Carla Chambel e o Gavião

Belver e o seu castelo são os marcos turísticos de Gavião, mas garantimos que há muito mais para conhecer e que se encantará com muito do que aqui encontrar. Carla Chambel, a atriz cujas raízes estão neste “Alentejo diferente”, diz que “há uma paz enorme que encontro” no regresso: “É um sítio que me deixa respirar”.




Ver Carla Chambel falar do Gavião é entrar pela porta grande neste concelho. Os seus olhos brilham quando fala da praia do Alamal, entusiasma-se quando descreve o comboio que passa junto ao Tejo. O seu rosto fica sonhador com as “paisagens de encantar” que se descobrem.

E a atriz não está em palco. São emoções suas as que transmite. É uma vontade de partilhar segredos, de segredar experiências. Um querer que mais pessoas conheçam a sua terra pela certeza de que não deixará ninguém indiferente.

Não se espere o Alentejo tradicional, que só o encontrará mais no sul do concelho. Gavião é um território de transição entre o Ribatejo, a Beira Baixa e o Alto Alentejo. É, por isso mesmo, único na sua diversidade.

Esta é uma reportagem diferente. Juntam-se aqui as experiências de quem passou quatro dias a descobrir o concelho com a visão de quem teve “a sorte” de toda a sua vida ter convivido com paisagens únicas. Juntam-se a atriz e o repórter, que aproveita o roteiro sentimental para ir pontuando aqui e ali com experiências de quem saiu de Gavião com o Tejo nos olhos.

Comecemos, pois, pela praia fluvial do Alamal, o único recanto em quilómetros onde o Tejo consegue uma margem para se espraiar.
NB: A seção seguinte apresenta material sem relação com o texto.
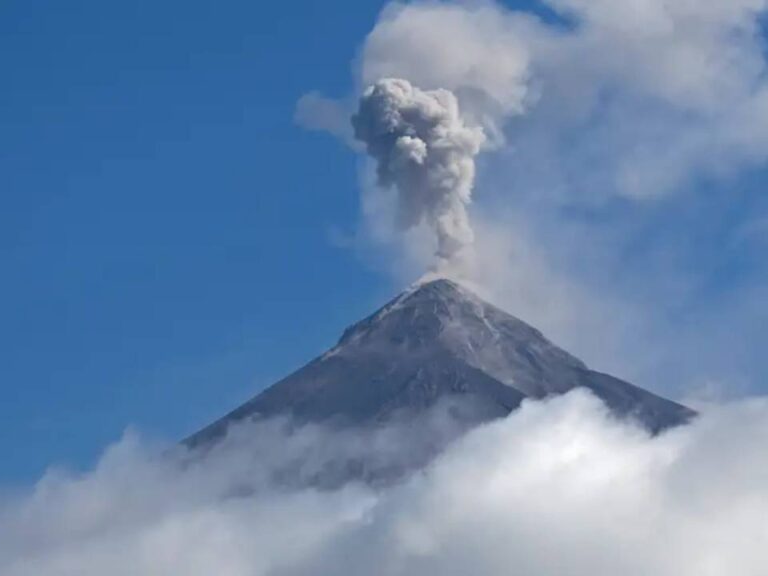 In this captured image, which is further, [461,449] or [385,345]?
[385,345]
Uma benesse que o rio retribui depositando as areias que no verão se enchem de quem procura um canto do paraíso.

“O Alamal é uma experiência”

“Vocês têm de conhecer o Alamal porque aquilo é uma experiência”. É assim que Carla Chambel fala aos amigos sobre a praia do Tejo. “Muitas vezes tenho a sorte de não apanhar a praia com muita gente e posso desfrutar do espaço, ouvir os pássaros, ouvir o rio a correr, às vezes até passear de canoa. É muito relaxante”.
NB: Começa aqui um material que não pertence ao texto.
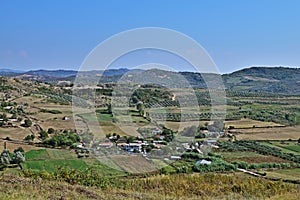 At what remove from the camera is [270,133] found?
4006 centimetres

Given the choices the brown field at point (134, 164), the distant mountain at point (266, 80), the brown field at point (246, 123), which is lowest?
the brown field at point (134, 164)

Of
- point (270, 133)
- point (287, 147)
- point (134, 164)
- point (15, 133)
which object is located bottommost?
point (287, 147)

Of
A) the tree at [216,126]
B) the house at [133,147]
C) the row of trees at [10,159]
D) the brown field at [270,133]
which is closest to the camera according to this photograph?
the row of trees at [10,159]

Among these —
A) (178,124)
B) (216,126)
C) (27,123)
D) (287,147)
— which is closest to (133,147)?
(178,124)

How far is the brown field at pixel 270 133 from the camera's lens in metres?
37.6

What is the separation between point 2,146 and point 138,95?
12.5m

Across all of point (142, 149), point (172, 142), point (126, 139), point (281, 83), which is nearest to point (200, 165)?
point (172, 142)

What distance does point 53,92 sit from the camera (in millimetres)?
64188

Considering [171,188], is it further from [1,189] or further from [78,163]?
[78,163]

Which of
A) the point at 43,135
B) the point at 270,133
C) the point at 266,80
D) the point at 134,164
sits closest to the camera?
the point at 134,164

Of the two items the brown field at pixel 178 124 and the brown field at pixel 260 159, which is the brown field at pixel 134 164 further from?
the brown field at pixel 260 159

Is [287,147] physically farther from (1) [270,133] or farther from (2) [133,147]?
(2) [133,147]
O Alamal que conhecemos – diz agora o jornalista – foi aquele que está só ao alcance de privilegiados, dos que não são obrigados a reger o seu tempo pelos calendários escolares. Uma semana antes, a praia fluvial fervilhava de atividade, as Gaivotas sulcavam o Tejo, o campismo (gratuito – basta ir ao site da Câmara Municipal e preencher o formulário) estava cheio. E, contudo, todos têm apenas um adjetivo para o Alamal: tranquilidade.

para passar momentos únicos

Mas, em meados de setembro, é como se a praia fosse apenas nossa, não o sendo. E isso é a que a torna ainda mais especial. Henrique, Catarina, ‘Taíta’, Telma são nomes de pessoas que conhecemos. Uns de passagem, outros com a missão de tornarem este recanto ainda mais aprazível.
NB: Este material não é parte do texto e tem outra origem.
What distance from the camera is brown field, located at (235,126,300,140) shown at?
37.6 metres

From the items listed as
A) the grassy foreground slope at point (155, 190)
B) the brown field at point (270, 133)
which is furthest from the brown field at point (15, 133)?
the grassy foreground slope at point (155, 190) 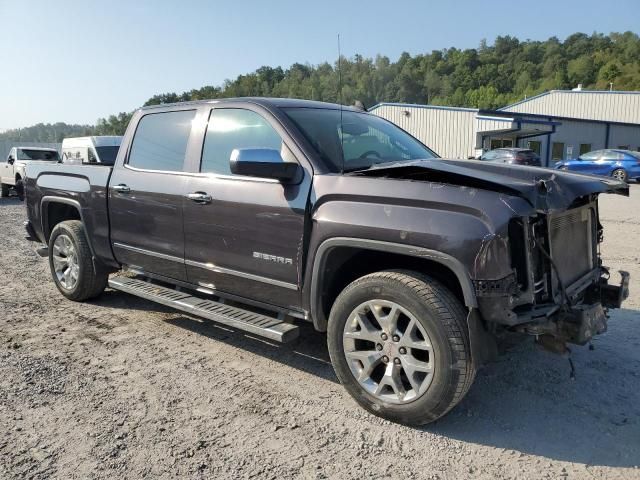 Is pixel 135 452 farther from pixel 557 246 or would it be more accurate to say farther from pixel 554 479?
pixel 557 246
Abrir a janela do quarto do excelente Alamal River Club quando o sol ainda espreita envergonhado e olhar as cores das colinas fronteiras, ou ao pôr-do-sol ver o castelo de Belver iluminar-se de fogo, são imagens que nos vão direitas ao coração.

É que no Alamal pode-se comer bem no restaurante-bar (o “Pecado da Gula” recomenda-se), caminhar-se pelo passadiço que ao longo de três quilómetros segue junto ao Tejo ou ainda sentirmos que os sentidos nos enganam quando entramos na Quinta do Alamal, percorremos os seus caminhos, vemos as suas fontes e nos julgamos em Sintra. Ou ainda, e uma vez mais recomendamos, passear pelas águas do Tejo. Não o fizemos de caiaque, que o tempo não era muito, mas seguimos a bordo do barco da NauticAlamal, com Carlos Marques aos comandos e a chamar-nos a atenção para os recantos.

E o comboio que passa

Três vezes por dia – nos dois sentidos – o comboio regional traça o seu caminho tendo o Tejo por companhia, parando em Belver-Gavião. Esta é uma boa forma de se chegar a estas terras, porque a viagem é também ela uma experiência única.

Três vezes por dia, a calma é interrompida por um som ritmado em crescendo. É o comboio que passa. E vê-lo a passar “vai sempre buscar um bocadinho da nossa infância”, diz Carla Chambel. “É vermos o comboio a passar e dizermos adeus, imaginando que quem lá vai nos diz adeus também”.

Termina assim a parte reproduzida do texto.